(What you are asked to do): The lines from the one containing "Buy stock photo" through the last one in the data: please copy those exactly, and only those, without the pictures.

[Items from a data source]
--- START ---

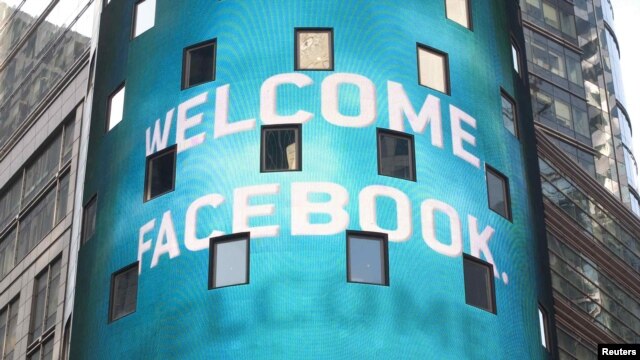 A monitor shows a welcoming message for Facebook's listing on the Nasdaq Marketsite prior to the opening bell in New York on May 18.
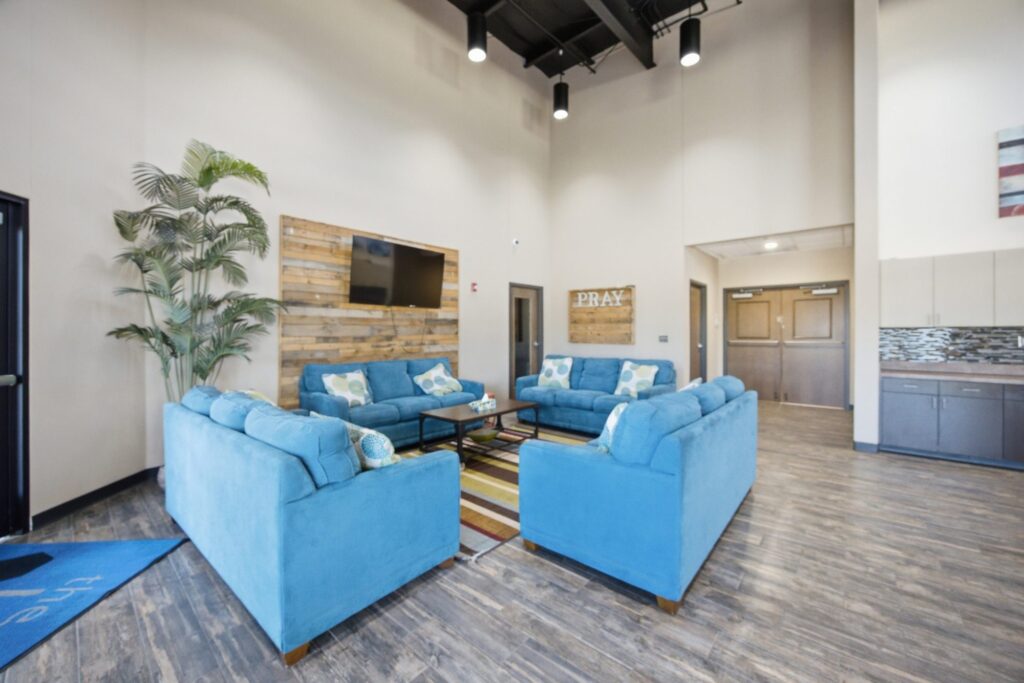 The Loft lounge with sofas and television
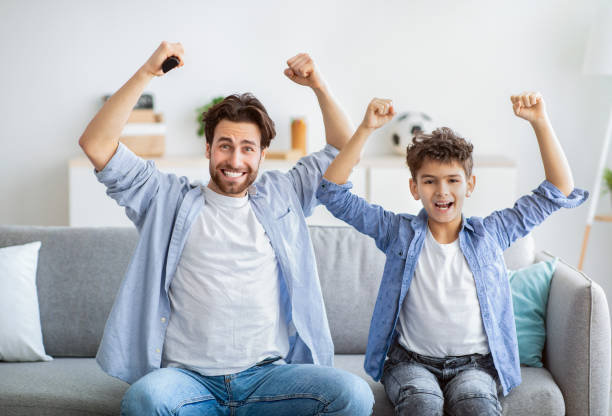 istock Hooray. Emotional father and son supporting favorite team, cheering for victory while watching sports on TV 1312597996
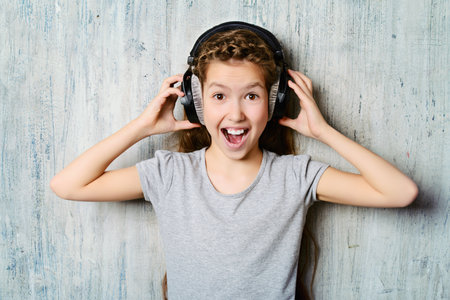 Cool teen girl enjoys the music in headphones. Studio shot.の写真素材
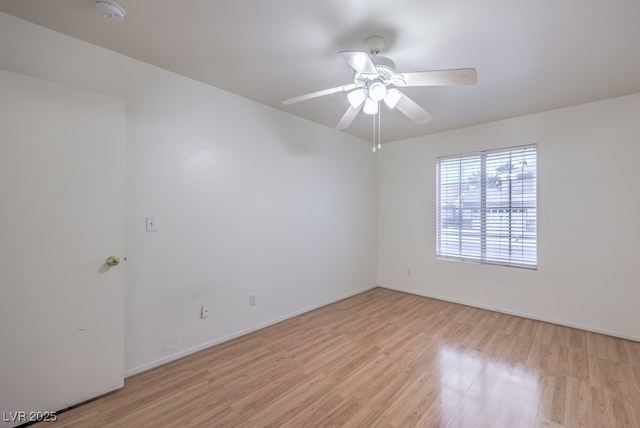 unfurnished room featuring ceiling fan and light hardwood / wood-style floors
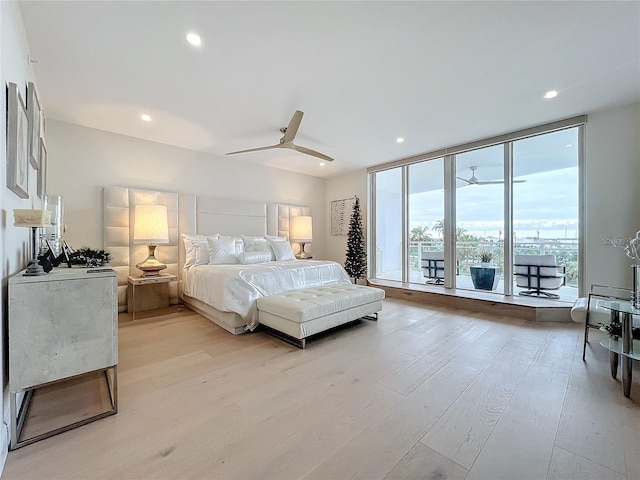 bedroom featuring light wood-type flooring and ceiling fan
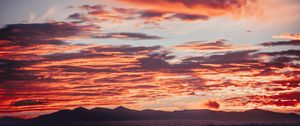 Preview wallpaper clouds, sunset, mountains, red, fiery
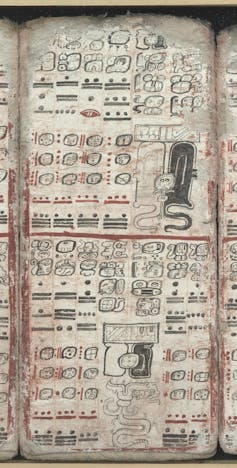 Un manuscrit ancien couvert de caractères et d’illustrations en noir et rouge.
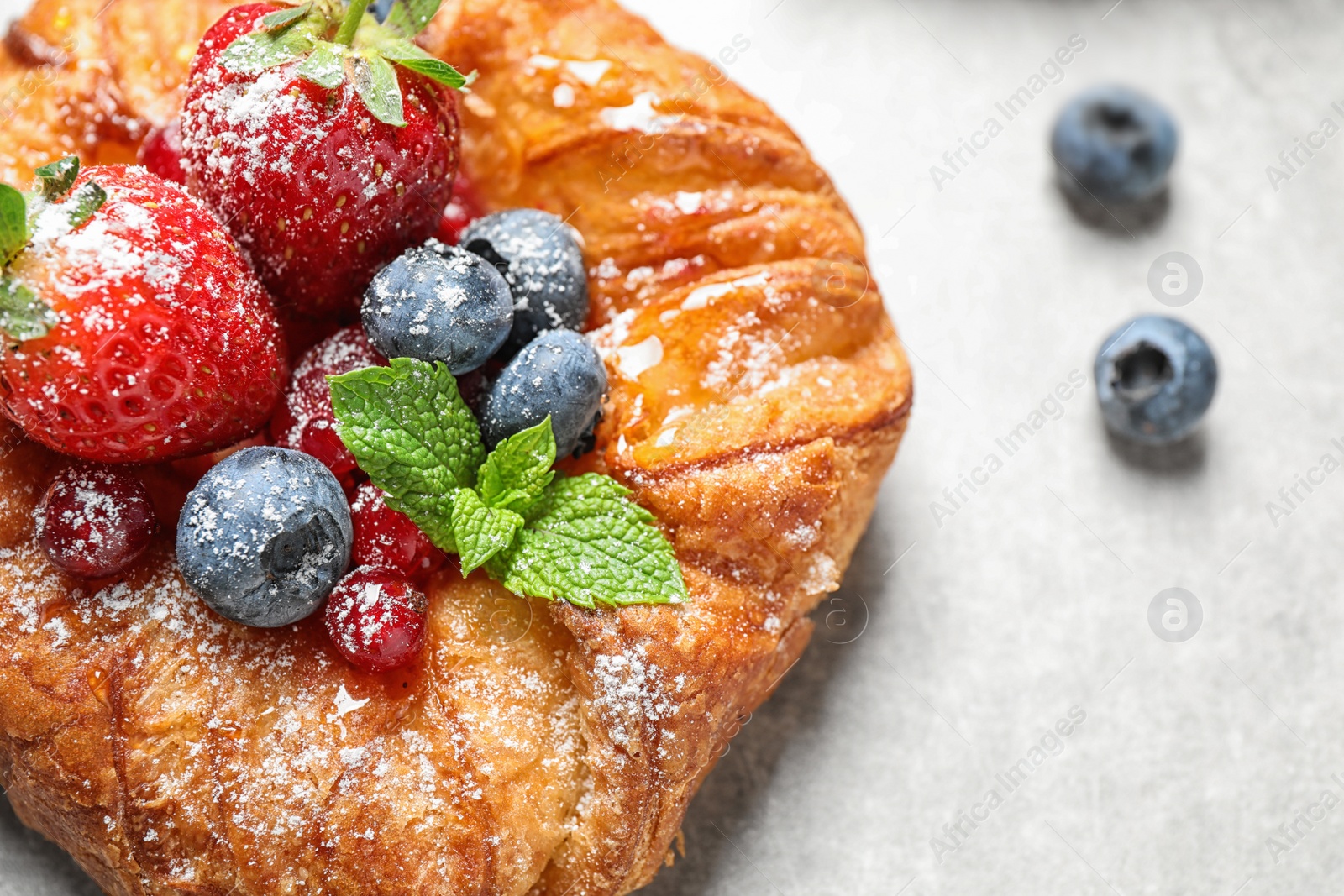 Photo of Fresh delicious puff pastry with sweet berries on light background, closeup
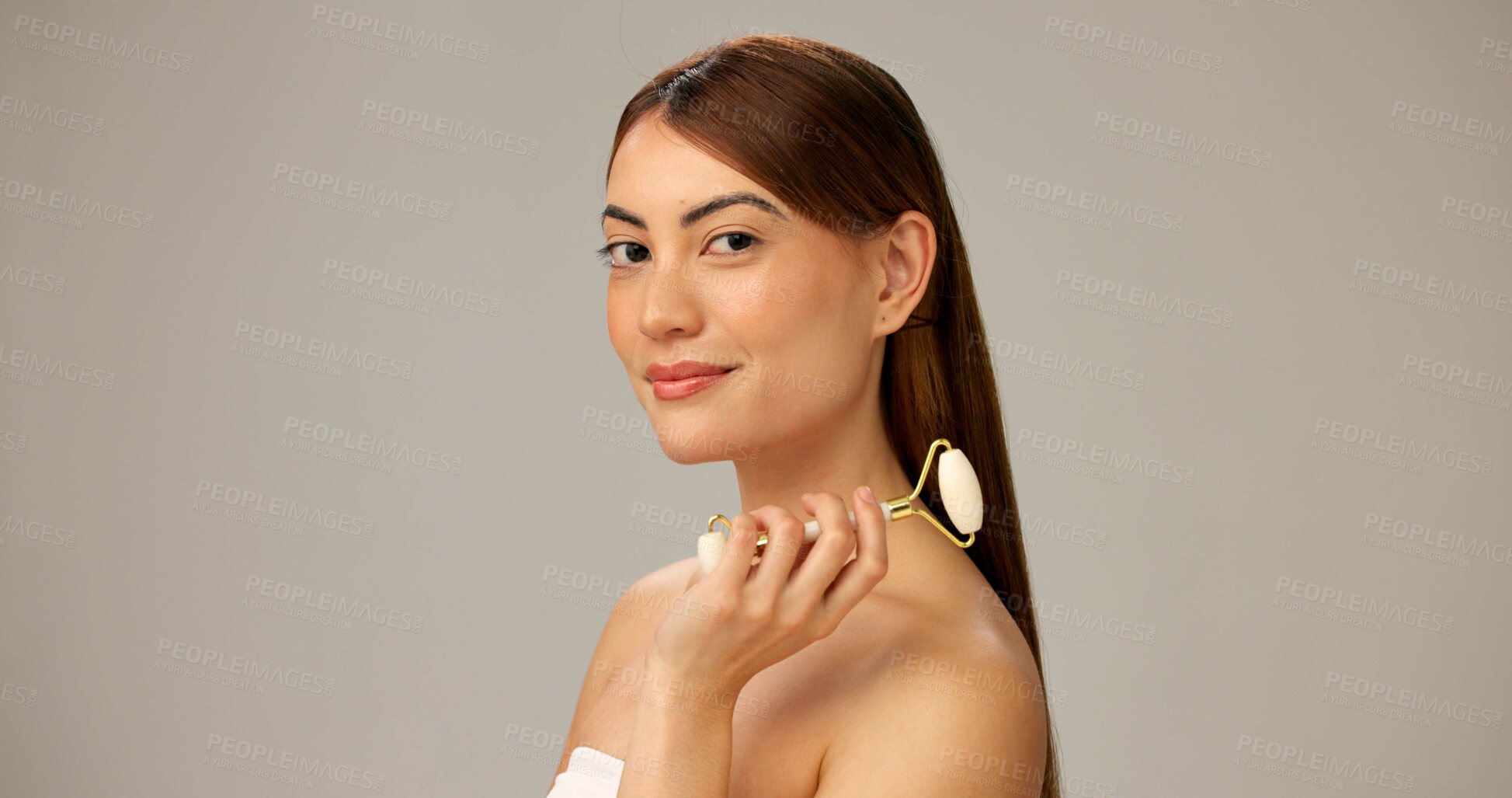 Buy stock photo Studio, woman and smile with roller for skincare on portrait for facial, beauty and firm skin on gray background. Female person, beautician and happy or confidence with routine, cosmetics and glow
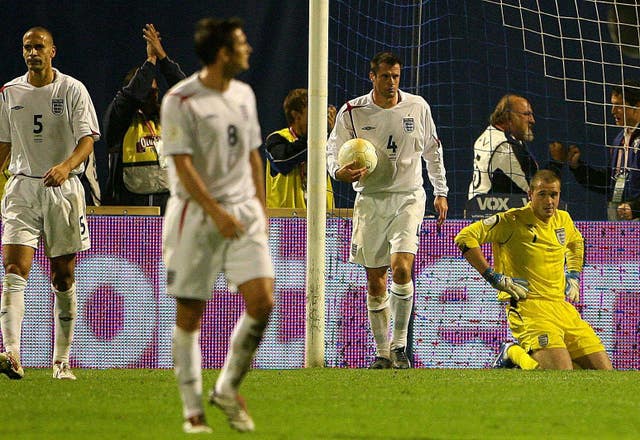 Paul Robinson, right, sinks to his knees after being caught out by the bounce in Zagreb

--- END ---

(Answer to this problem):
 Buy stock photo Studio, woman and smile with roller for skincare on portrait for facial, beauty and firm skin on gray background. Female person, beautician and happy or confidence with routine, cosmetics and glow
 Paul Robinson, right, sinks to his knees after being caught out by the bounce in Zagreb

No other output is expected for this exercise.